I genuinely cannot think of one thing that the kid did early.
So yeah, for us, it’s been trudging along at a snail’s pace since the beginning. The eye rolls aren’t always intentional and sometimes suppressed in mixed company, but they are there.
But today? Today is big day. Today is the day that we get Jp’s big BIG boy furniture. You know, the stuff he will probably turn into a teen before we replace. Goodbye little toddler bed in the shape of a race car, goodbye toddler toys and baby proofed furniture that wasn’t too high…hello big full-size pine bed with a door to a secret hiding spot underneath for the new and abounding imagination (and yes, I know I am going to freak out the first time I go in and can’t find him!), hello big boy desk for the upcoming school year, and hello huge dresser that may or may not have a fish tank by Christmas (if I can get the husband on board).

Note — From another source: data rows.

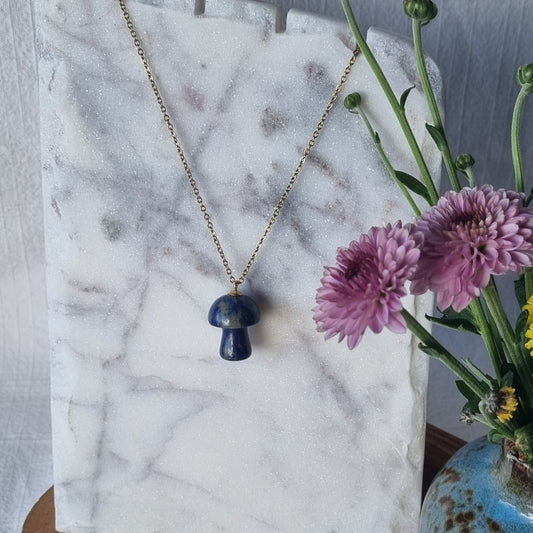 Lapis Lazuli & Gold - Mushroom Necklace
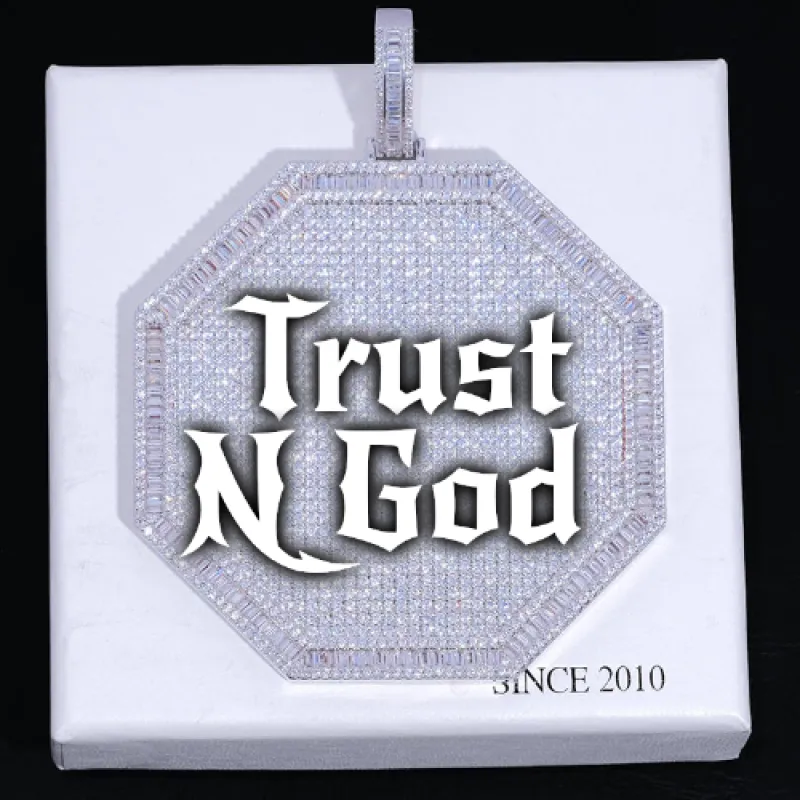 CUSTOM LETTER NECKLACE 3D BIG OCTAGON sold by The GUU Shop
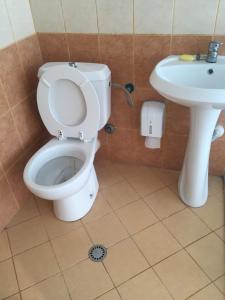 a bathroom with a toilet and a sink at Villa Dede Nikolla in Durrës +45 photos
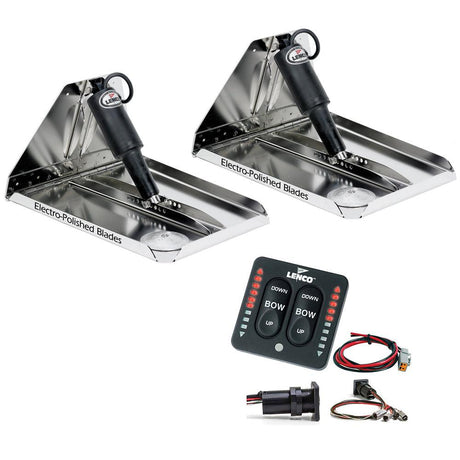 Lenco 12" x 12" Heavy Duty Performance Trim Tab Kit w/LED Indicator Switch Kit 12V - Kesper Supply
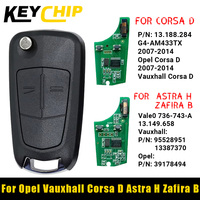 KC For Opel Vauxhall Corsa D G4 Astra H Zafira B Holden Astra AH 736-743-A Remote Flip Car Key PCF7941A 46 Chip 433MHz
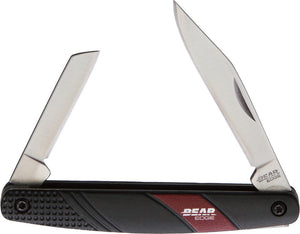 Bear Edge Pen Black/Red Aluminum Folding Sheepsfoot/Clip Pt Pocket Knife 61531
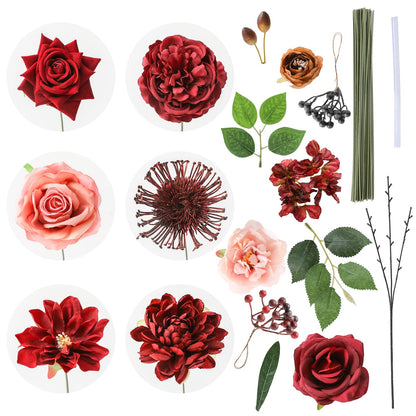 Artificial Flowers Combo for DIY Wedding Bouquets Combo Centerpieces Arrangements Party Bridal Baby Shower Home Decorations-Blush Pink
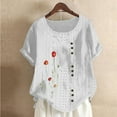 thumbnail image 2 of Fheaev Summer Tops For Women 2024 Women'S Fashion Printed Comfortable Loose Short Sleeve Blouse Button Court Lock Casual Round-Neck Tops, 2 of 4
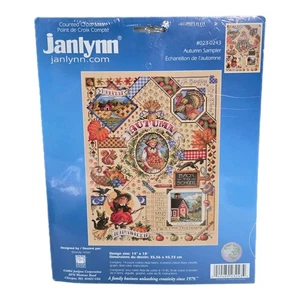 Janlynn Autumn Sampler 14" x 18" Counted Cross Stitch Kit  #023-0243 NEW SEALED - Picture 1 of 4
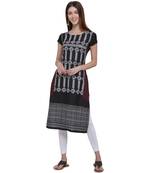 Black printed crepe ethnic-kurtis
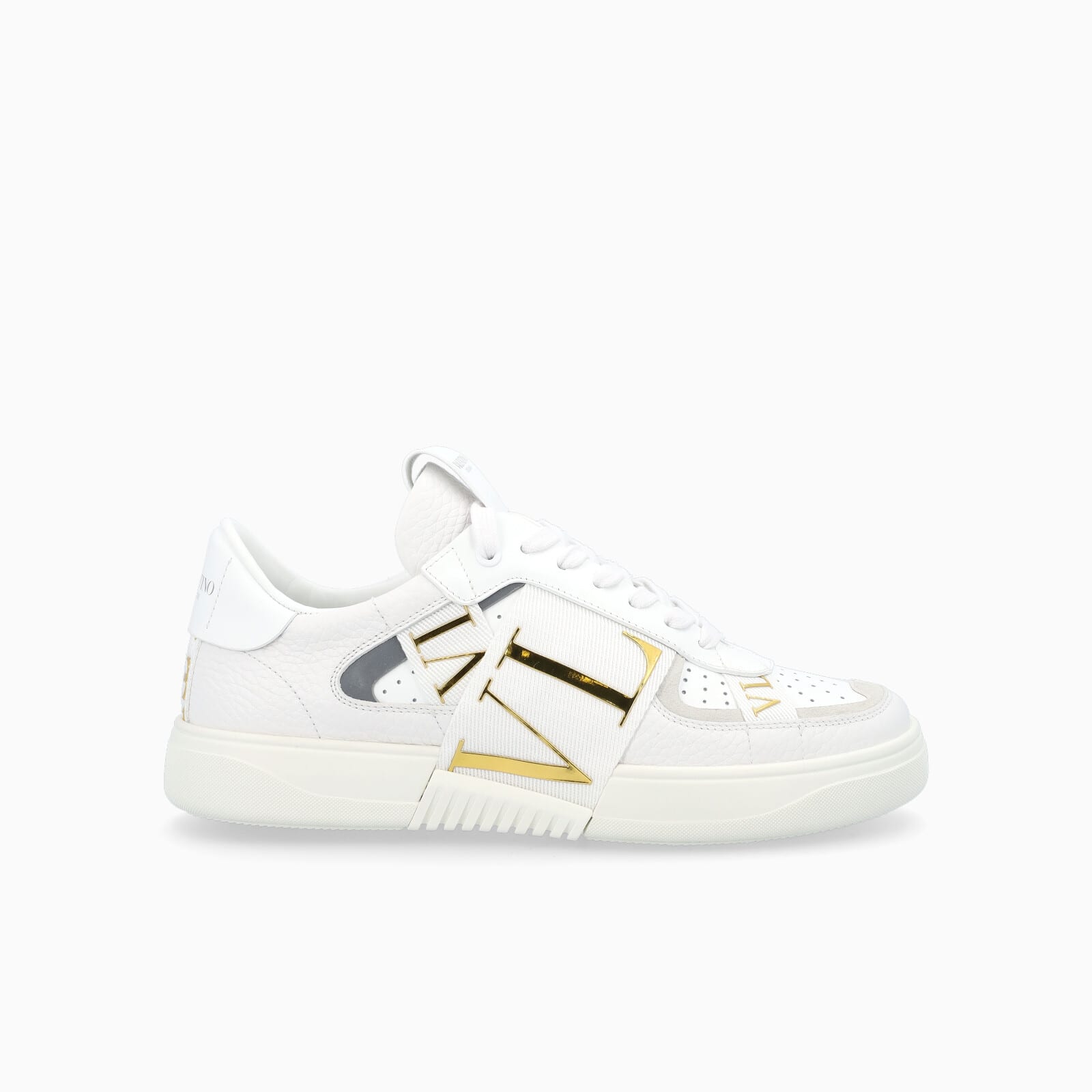 Valentino White And Gold Calfskin Vl7n Sneaker With Bands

Today, for the first time, that mom with the tears welling up in her eyes because her baby is growing “too fast” is me.
He has been my “baby” far longer than any other mother is allowed. But now, now he is becoming a little boy. And we want to grow with him. We want to encourage the growth that he has fought so hard for. He has earned it, dammit!
But be still my poor mommy heart…I’m going to miss that baby boy.
I can get through set-up without crying, I swear!
I'm just living minute to minute, hour to hour, day to day.